Sad Change

Sad Change September 23, 2012

Bill Maxwell tells his story of formerly encouraging people to become public school teachers, but he can no longer do that:

Are you seeing this? Why do you think it is the case that teachers are leaving?

Back then, while recalling my public school teachers and having recently completed two transformative years at the University of Chicago in graduate school, I would passionately encourage my brightest students to become teachers. Many followed my advice….

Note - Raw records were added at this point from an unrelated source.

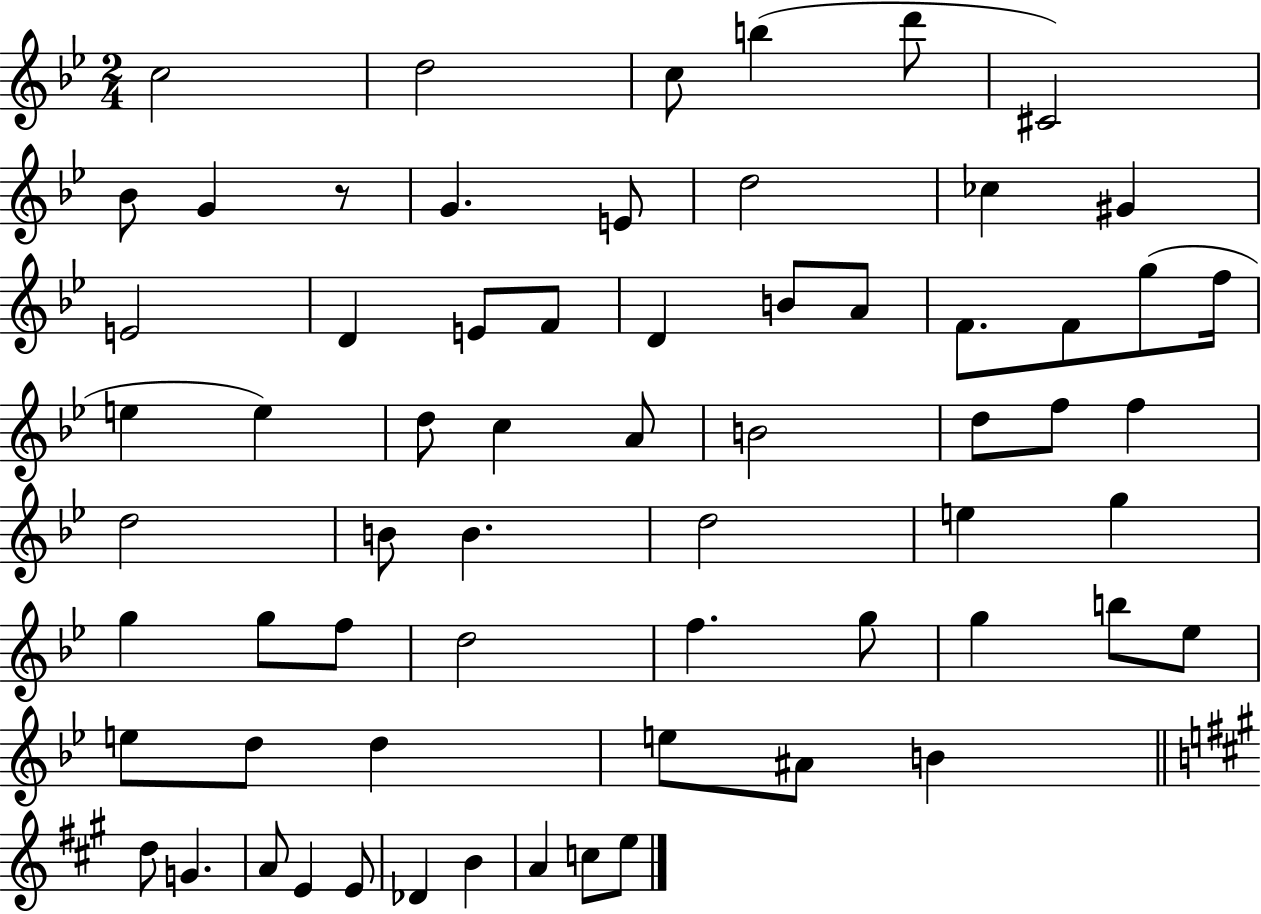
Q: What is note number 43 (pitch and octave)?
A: D5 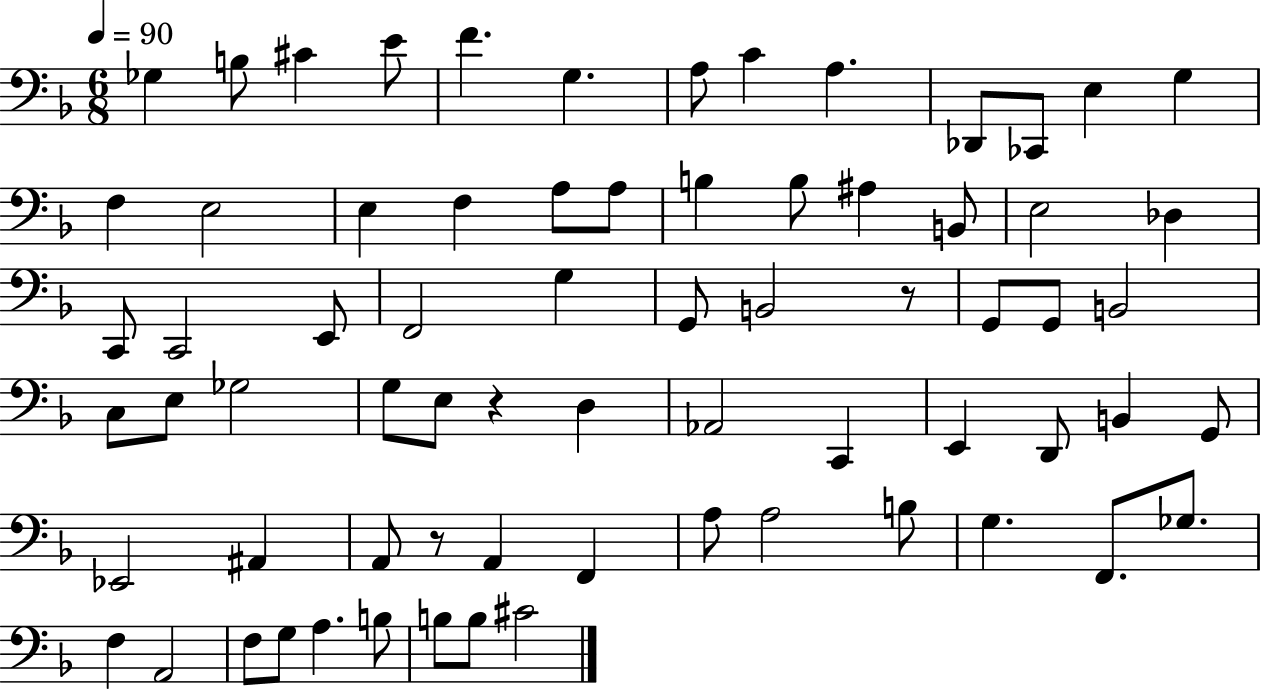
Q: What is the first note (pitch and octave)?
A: Gb3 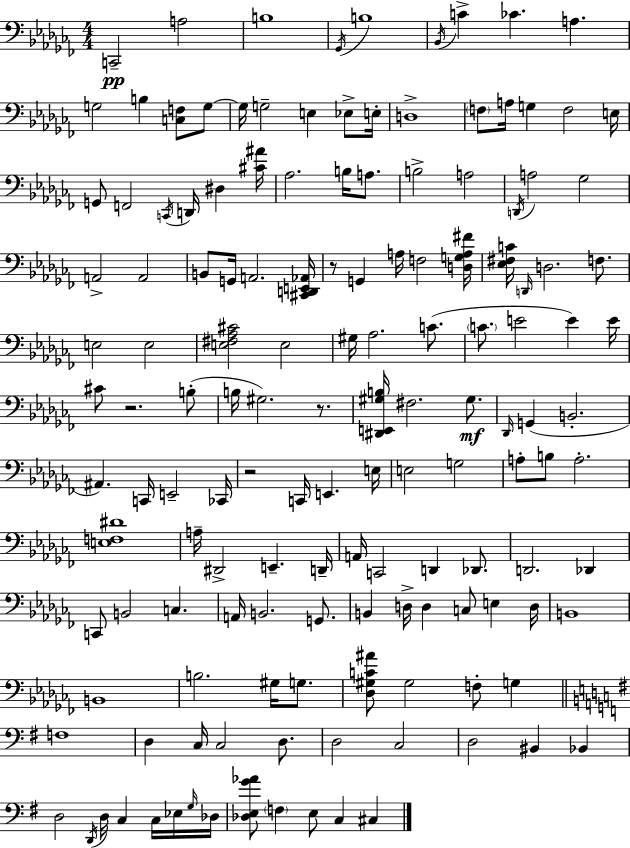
X:1
T:Untitled
M:4/4
L:1/4
K:Abm
C,,2 A,2 B,4 _G,,/4 B,4 _B,,/4 C _C A, G,2 B, [C,F,]/2 G,/2 G,/4 G,2 E, _E,/2 E,/4 D,4 F,/2 A,/4 G, F,2 E,/4 G,,/2 F,,2 C,,/4 D,,/4 ^D, [^C^A]/4 _A,2 B,/4 A,/2 B,2 A,2 D,,/4 A,2 _G,2 A,,2 A,,2 B,,/2 G,,/4 A,,2 [^C,,D,,E,,_A,,]/4 z/2 G,, A,/4 F,2 [D,G,A,^F]/4 [_E,^F,C]/4 D,,/4 D,2 F,/2 E,2 E,2 [E,^F,_A,^C]2 E,2 ^G,/4 _A,2 C/2 C/2 E2 E E/4 ^C/2 z2 B,/2 B,/4 ^G,2 z/2 [^D,,E,,^G,B,]/4 ^F,2 ^G,/2 _D,,/4 G,, B,,2 ^A,, C,,/4 E,,2 _C,,/4 z2 C,,/4 E,, E,/4 E,2 G,2 A,/2 B,/2 A,2 [E,F,^D]4 A,/4 ^D,,2 E,, D,,/4 A,,/4 C,,2 D,, _D,,/2 D,,2 _D,, C,,/2 B,,2 C, A,,/4 B,,2 G,,/2 B,, D,/4 D, C,/2 E, D,/4 B,,4 B,,4 B,2 ^G,/4 G,/2 [_D,^G,C^A]/2 ^G,2 F,/2 G, F,4 D, C,/4 C,2 D,/2 D,2 C,2 D,2 ^B,, _B,, D,2 D,,/4 D,/4 C, C,/4 _E,/4 G,/4 _D,/4 [_D,E,G_A]/2 F, E,/2 C, ^C, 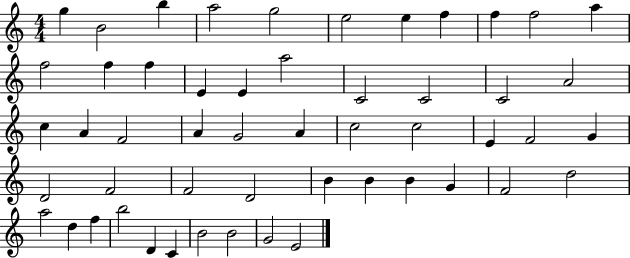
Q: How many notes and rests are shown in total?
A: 52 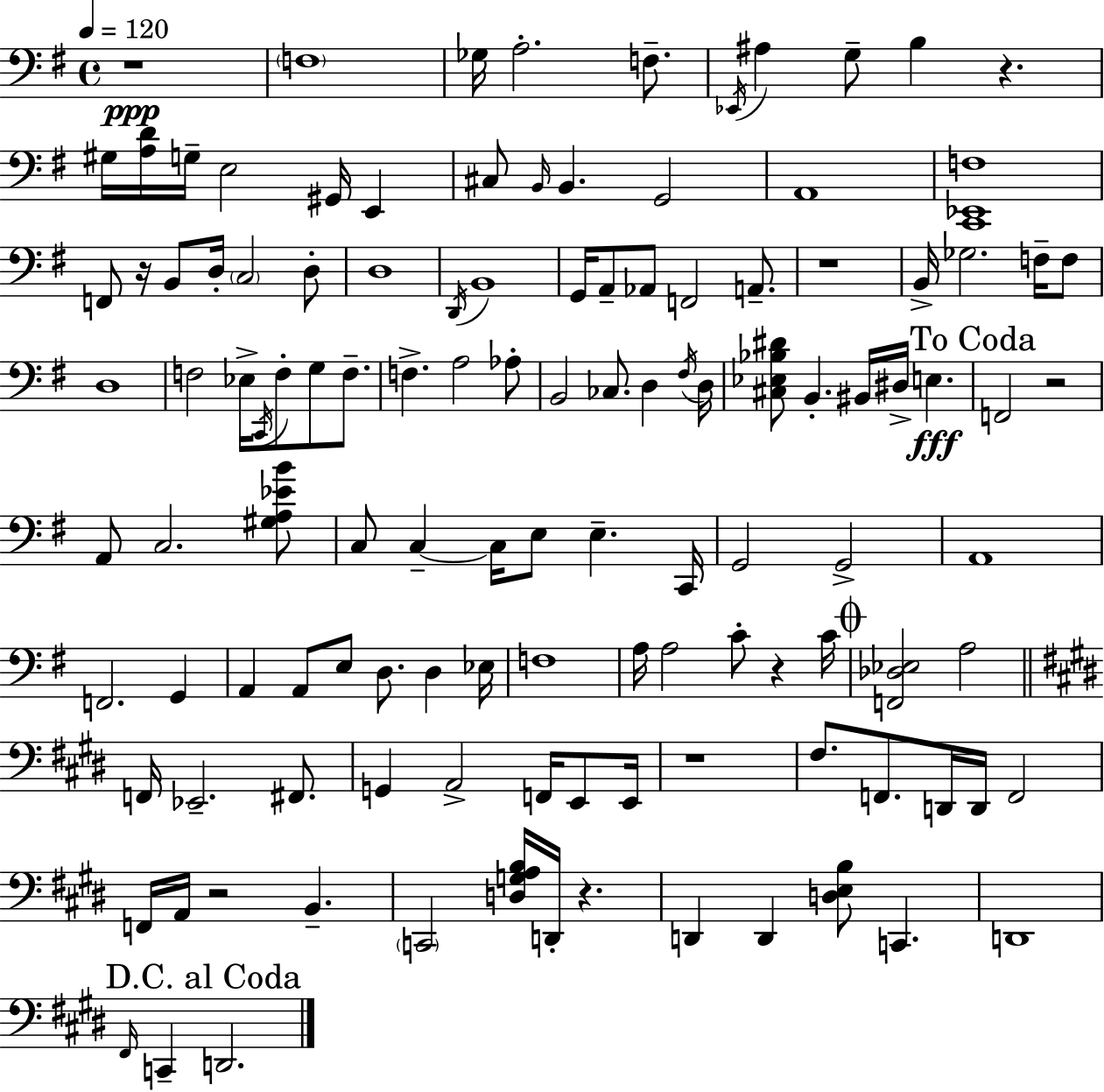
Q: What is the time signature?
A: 4/4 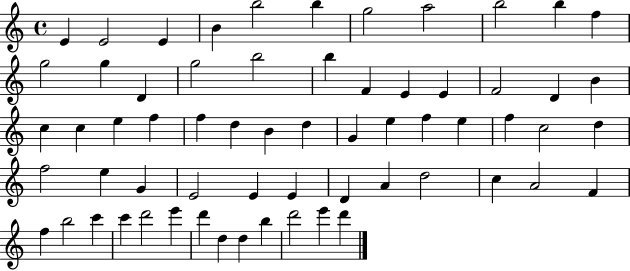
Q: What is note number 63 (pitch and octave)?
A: D6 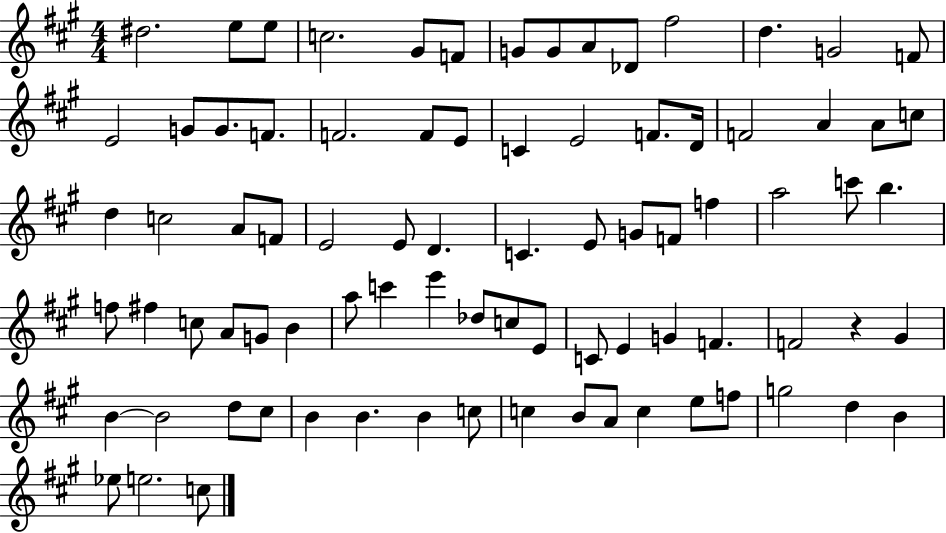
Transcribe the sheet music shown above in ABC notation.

X:1
T:Untitled
M:4/4
L:1/4
K:A
^d2 e/2 e/2 c2 ^G/2 F/2 G/2 G/2 A/2 _D/2 ^f2 d G2 F/2 E2 G/2 G/2 F/2 F2 F/2 E/2 C E2 F/2 D/4 F2 A A/2 c/2 d c2 A/2 F/2 E2 E/2 D C E/2 G/2 F/2 f a2 c'/2 b f/2 ^f c/2 A/2 G/2 B a/2 c' e' _d/2 c/2 E/2 C/2 E G F F2 z ^G B B2 d/2 ^c/2 B B B c/2 c B/2 A/2 c e/2 f/2 g2 d B _e/2 e2 c/2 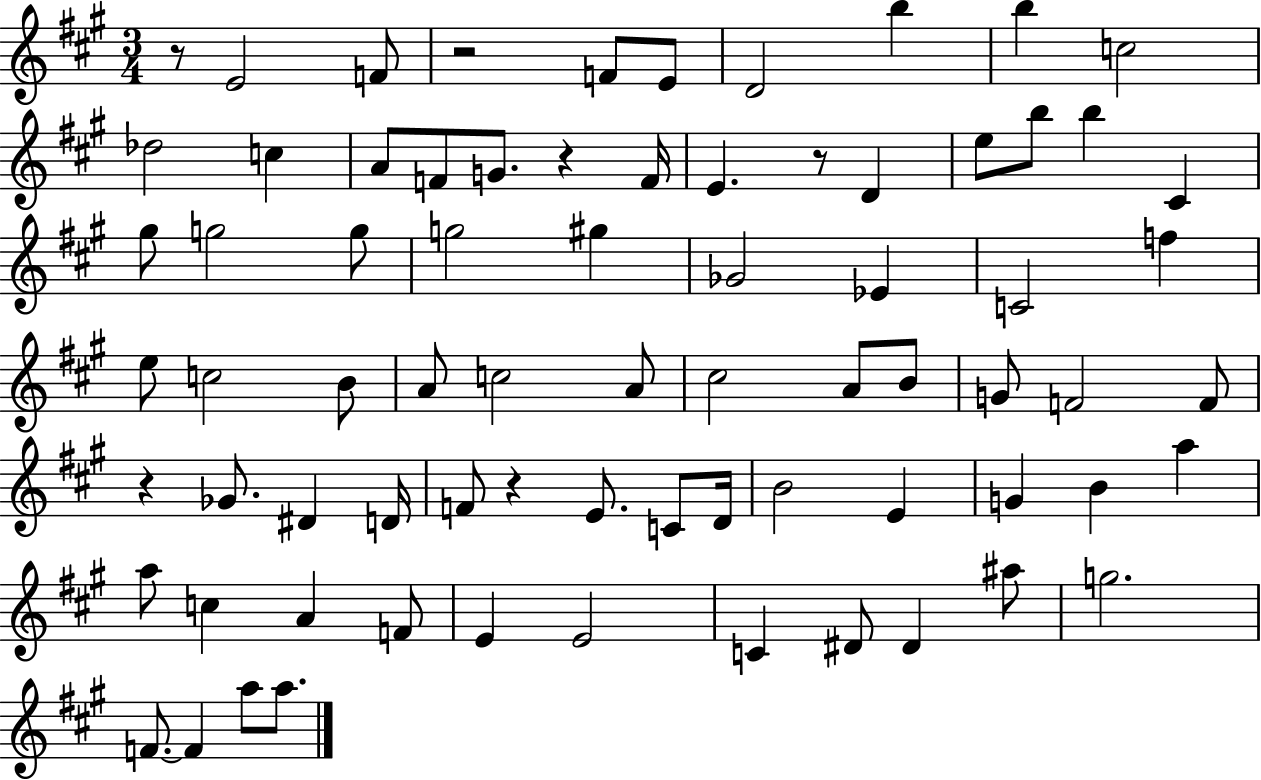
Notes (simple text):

R/e E4/h F4/e R/h F4/e E4/e D4/h B5/q B5/q C5/h Db5/h C5/q A4/e F4/e G4/e. R/q F4/s E4/q. R/e D4/q E5/e B5/e B5/q C#4/q G#5/e G5/h G5/e G5/h G#5/q Gb4/h Eb4/q C4/h F5/q E5/e C5/h B4/e A4/e C5/h A4/e C#5/h A4/e B4/e G4/e F4/h F4/e R/q Gb4/e. D#4/q D4/s F4/e R/q E4/e. C4/e D4/s B4/h E4/q G4/q B4/q A5/q A5/e C5/q A4/q F4/e E4/q E4/h C4/q D#4/e D#4/q A#5/e G5/h. F4/e. F4/q A5/e A5/e. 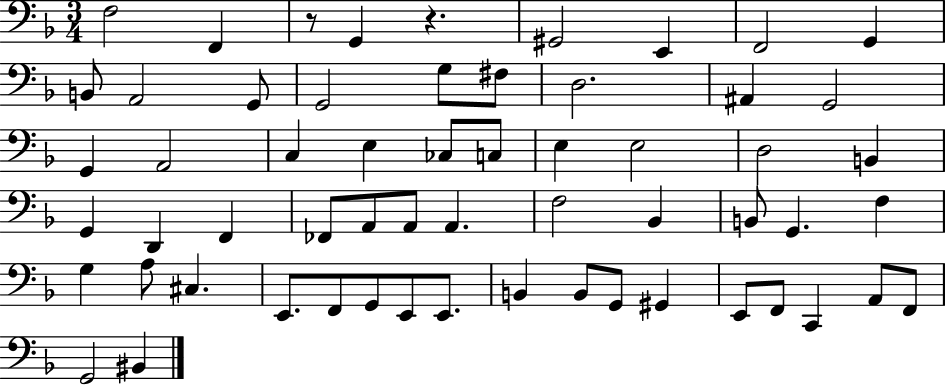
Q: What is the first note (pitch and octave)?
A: F3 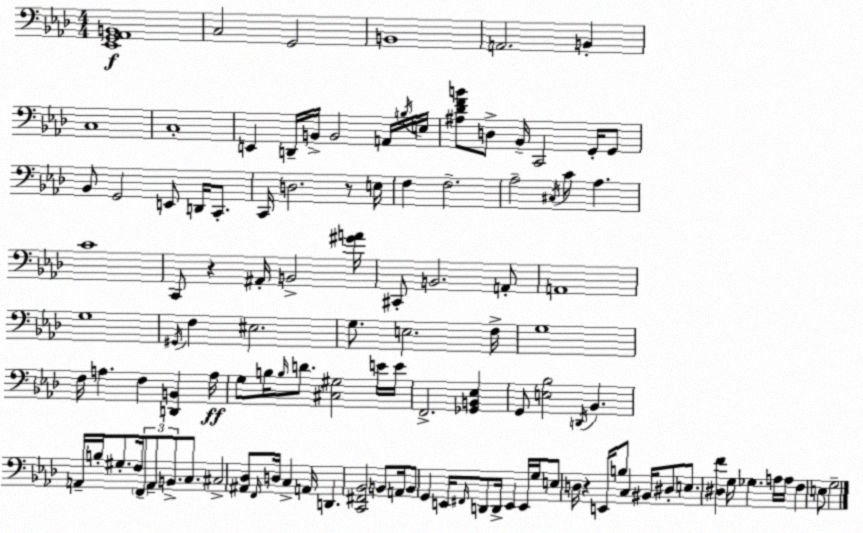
X:1
T:Untitled
M:4/4
L:1/4
K:Fm
[_E,,G,,_A,,B,,]4 C,2 G,,2 B,,4 A,,2 B,, C,4 C,4 E,, D,,/4 B,,/4 B,,2 A,,/4 B,/4 E,/4 [^A,_DFB]/2 D,/2 _B,,/4 C,,2 G,,/4 G,,/2 _B,,/2 G,,2 E,,/2 D,,/4 C,,/2 C,,/4 D,2 z/2 E,/4 F, F,2 _A,2 ^C,/4 C/2 _A, C4 C,,/2 z ^A,,/4 B,,2 [^GA]/4 ^C,,/2 B,,2 A,,/2 A,,4 G,4 ^G,,/4 F, ^E,2 G,/2 E,2 F,/4 G,4 F,/4 A, F, [D,,B,,] A,/4 G,/2 B,/4 B,/4 D/2 [^C,^G,]2 E/4 E/4 F,,2 [_G,,B,,_E,] G,,/2 [E,_B,]2 D,,/4 _B,, A,,/4 B,/4 ^G,/2 F,/4 F,,/2 A,,/2 B,,/2 C,/2 ^C,2 [^A,,_D,]/2 F,,/4 D,/4 C, A,,/4 D,, [C,,^F,,_B,,]2 B,,/2 A,,/4 B,,/2 G,, E,,/4 ^F,,/4 D,,/2 D,,/4 E,, E,,/4 G,/4 E,/2 D,/4 z E,,/4 B,/2 C, ^B,,/4 ^D,/2 E,/2 [^D,F] G,/4 _G, A,/4 A,/4 F, E,/2 G,2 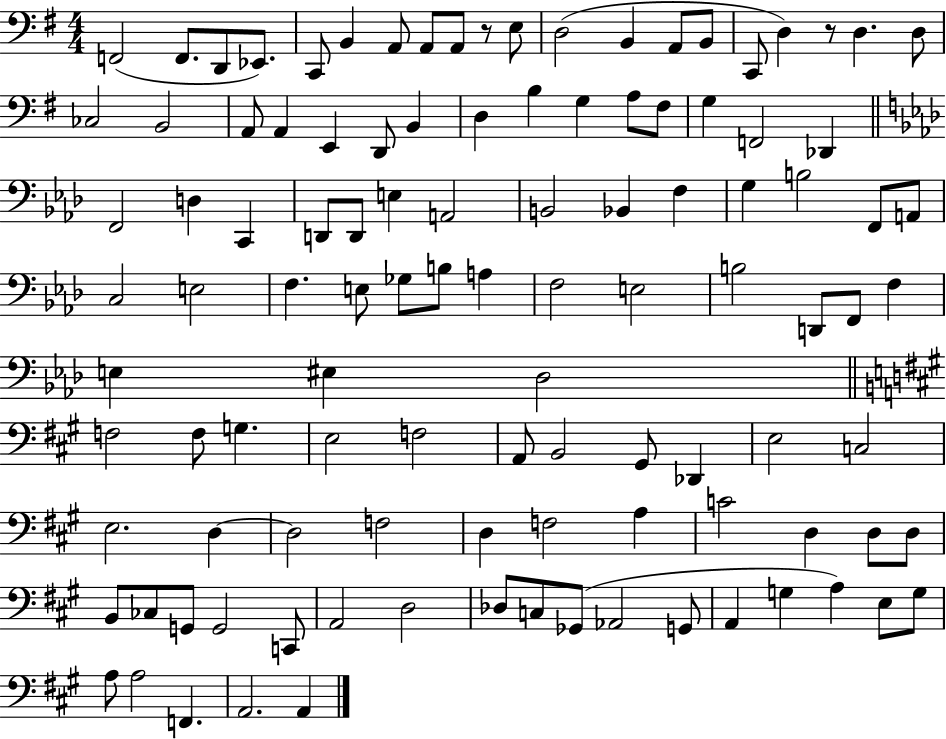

Why, you ask, would I want to become a teacher under these ugly conditions? Why? Teaching is our most important profession. It is a calling, and excellent teachers are some of our greatest heroes. That’s why.

I dropped this spiel more than a decade ago.

Now I wouldn’t try to encourage a student to become a public school teacher in this toxic environment. Even a lot of people who don’t hold teachers in contempt easily speak the popular rhetoric of disrespect.

With perhaps the exception of anti-intellectual Australia, the United States is virtually alone in the world in being profoundly contemptuous of its schoolteachers. The negative results — vengeful layoffs and firings, increased class loads, evaluations based on unreliable standardized tests, and the hurry-up establishment of charter schools and vouchers — are damaging the profession beyond repair.

After analyzing federal surveys of attrition rates in schools nationwide, researchers at the University of Pennsylvania, the U.S. Department of Education and Teach Plus, a nonprofit organization, found that teachers are leaving the profession in droves. Nearly half of those entering the field to replace retiring baby boomers leave within five years. The joint analysis shows that teachers with only one year in the classroom constitute the largest single group of teachers.